Jetpack Recomposition

This post is a summary of the official document at developers android. Please read it for a more detailed explanation.

What is Recomposition?

Recomposition is the (re)drawing of views in Compose. Recomposition occurs when you want the app to draw the initial UI or want to update the UI with new data. Since views in Compose are immutable, when recomposition occurs, the view is redrawn from scratch.

To be more performant, the Compose framework executes intelligent recomposition to recompose only the components that have changed.

Intelligent Recomposition

Intelligent Recomposition is the Compose framework only updating things that may have changed. For instance, have a look at the sample code from the developers android:

@Composable
fun NamePicker(
    header: String,
    names: List<String>,
    onNameClicked: (String) -> Unit
) {
    Column {
// this will recompose when [header] changes, but not when [names] changes
        Text(header, style = MaterialTheme.typography.h5)
        Divider()

/**
* When an item's [name] updates, the adapter for that item
* will recompose.
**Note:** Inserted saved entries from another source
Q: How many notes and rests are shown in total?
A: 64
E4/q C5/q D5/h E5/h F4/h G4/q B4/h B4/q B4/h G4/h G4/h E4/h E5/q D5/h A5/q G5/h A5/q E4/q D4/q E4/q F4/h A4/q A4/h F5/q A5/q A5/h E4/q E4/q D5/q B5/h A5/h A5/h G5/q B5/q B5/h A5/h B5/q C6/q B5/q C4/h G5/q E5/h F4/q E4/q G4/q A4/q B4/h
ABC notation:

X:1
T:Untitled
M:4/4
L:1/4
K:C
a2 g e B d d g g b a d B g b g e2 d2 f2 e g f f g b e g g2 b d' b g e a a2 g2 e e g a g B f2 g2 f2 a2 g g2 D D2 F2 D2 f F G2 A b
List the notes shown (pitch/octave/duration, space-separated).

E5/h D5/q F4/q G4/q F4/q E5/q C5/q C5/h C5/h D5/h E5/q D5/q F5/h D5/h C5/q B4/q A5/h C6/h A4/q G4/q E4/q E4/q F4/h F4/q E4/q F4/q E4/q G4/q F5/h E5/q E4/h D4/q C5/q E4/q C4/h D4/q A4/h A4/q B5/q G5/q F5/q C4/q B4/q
This will not recompose when [header] changes
*/
        LazyColumn {
            items(names) { name ->
                NamePickerItem(name, onNameClicked)
            }
        }
    }
}

@Composable
private fun NamePickerItem(name: String, onClicked: (String) -> Unit){
    Text(name, Modifier.clickable(onClick = { onClicked(name) }))
}

Best Practice in Recomposition

Best practice when programming in Compose is to know how composable functions execute and how recomposition occurs. In summary, never depend on side effects from executing composable functions

\side effect: a side effect is any change that is visible to the rest of your app. Examples of side effects are: writing to a property of a shared object, updating an observable in ViewModel or updating a shared preference.*

When writing composable functions it is best to:

  • Keep them fast. Never try to have expensive or complicated logic inside a composable function (ex. don't read from databases inside a composable function).
  • Keep them idempotent. Idempotent means that if the same input is given to the function no additional effects should occur. A way to keep it idempotent is not to read from a global variable inside of the composable function. Rather depend on the input

  • Be side effect free. If a global variable needs updating because of an event, rather than updating it inside the composable function, accept a lambda and have the caller update it in the lambda block.
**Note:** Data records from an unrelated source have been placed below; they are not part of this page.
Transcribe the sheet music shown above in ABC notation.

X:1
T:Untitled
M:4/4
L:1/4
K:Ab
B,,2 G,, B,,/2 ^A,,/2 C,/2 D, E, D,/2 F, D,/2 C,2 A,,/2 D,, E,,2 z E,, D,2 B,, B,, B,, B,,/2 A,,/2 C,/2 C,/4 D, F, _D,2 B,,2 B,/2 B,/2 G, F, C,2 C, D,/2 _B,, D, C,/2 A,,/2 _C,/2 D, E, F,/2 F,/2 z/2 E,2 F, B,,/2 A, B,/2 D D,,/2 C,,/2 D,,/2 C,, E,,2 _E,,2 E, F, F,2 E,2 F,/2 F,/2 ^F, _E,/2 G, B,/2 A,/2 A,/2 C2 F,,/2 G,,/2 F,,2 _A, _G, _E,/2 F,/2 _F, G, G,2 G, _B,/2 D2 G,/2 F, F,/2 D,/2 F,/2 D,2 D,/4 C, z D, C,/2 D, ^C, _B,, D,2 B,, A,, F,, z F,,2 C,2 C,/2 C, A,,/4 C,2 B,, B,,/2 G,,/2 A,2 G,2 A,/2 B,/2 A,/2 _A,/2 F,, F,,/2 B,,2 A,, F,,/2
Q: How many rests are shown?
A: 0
      // accepts an onClicked lambda where the caller can update a global variable if needed.
      // if another composable function relies on the update the caller can observe changes and recompose that function
      @Composable
      private fun NamePickerItem(name: String, onClicked: (String) -> Unit){
          Text(name, Modifier.clickable(onClick = { onClicked(name) }))
      }
    

Things to keep in mind about compose function execution

  • Composable functions can execute in any order. Moreover, composable functions may run in parallel. Thus, one should not program in such a way that one function relies on another function to update a global variable (side effect). Each function should be self-contained.
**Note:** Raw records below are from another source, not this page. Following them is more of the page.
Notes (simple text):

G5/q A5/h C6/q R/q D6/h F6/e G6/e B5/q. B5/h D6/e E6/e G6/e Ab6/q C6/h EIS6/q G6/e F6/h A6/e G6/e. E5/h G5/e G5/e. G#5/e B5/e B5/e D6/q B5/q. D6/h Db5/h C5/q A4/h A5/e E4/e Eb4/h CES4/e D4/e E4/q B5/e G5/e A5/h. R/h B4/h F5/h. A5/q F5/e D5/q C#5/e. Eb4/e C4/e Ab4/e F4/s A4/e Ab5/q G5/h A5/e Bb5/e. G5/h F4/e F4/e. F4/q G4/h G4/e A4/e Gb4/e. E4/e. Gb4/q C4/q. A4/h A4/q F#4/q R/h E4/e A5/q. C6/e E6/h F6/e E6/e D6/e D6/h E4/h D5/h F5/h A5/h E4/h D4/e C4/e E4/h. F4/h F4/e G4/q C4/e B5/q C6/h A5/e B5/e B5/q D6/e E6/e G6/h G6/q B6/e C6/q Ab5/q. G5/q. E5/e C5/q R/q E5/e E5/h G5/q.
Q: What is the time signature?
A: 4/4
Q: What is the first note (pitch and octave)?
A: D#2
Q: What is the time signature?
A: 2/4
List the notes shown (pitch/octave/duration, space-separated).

  • Recomposition skips as many composable functions and lambdas as possible

  • Recomposition is optimistic and may be canceled. Recomposition starts whenever Compose thinks a parameter may have changed and expects that no changes will occur until recomposition is finished. However, if changes occur before recomposition is finished it may cancel and restart.

  • A composable function might run frequently (ex. animation). Avoid expensive operations inside the function.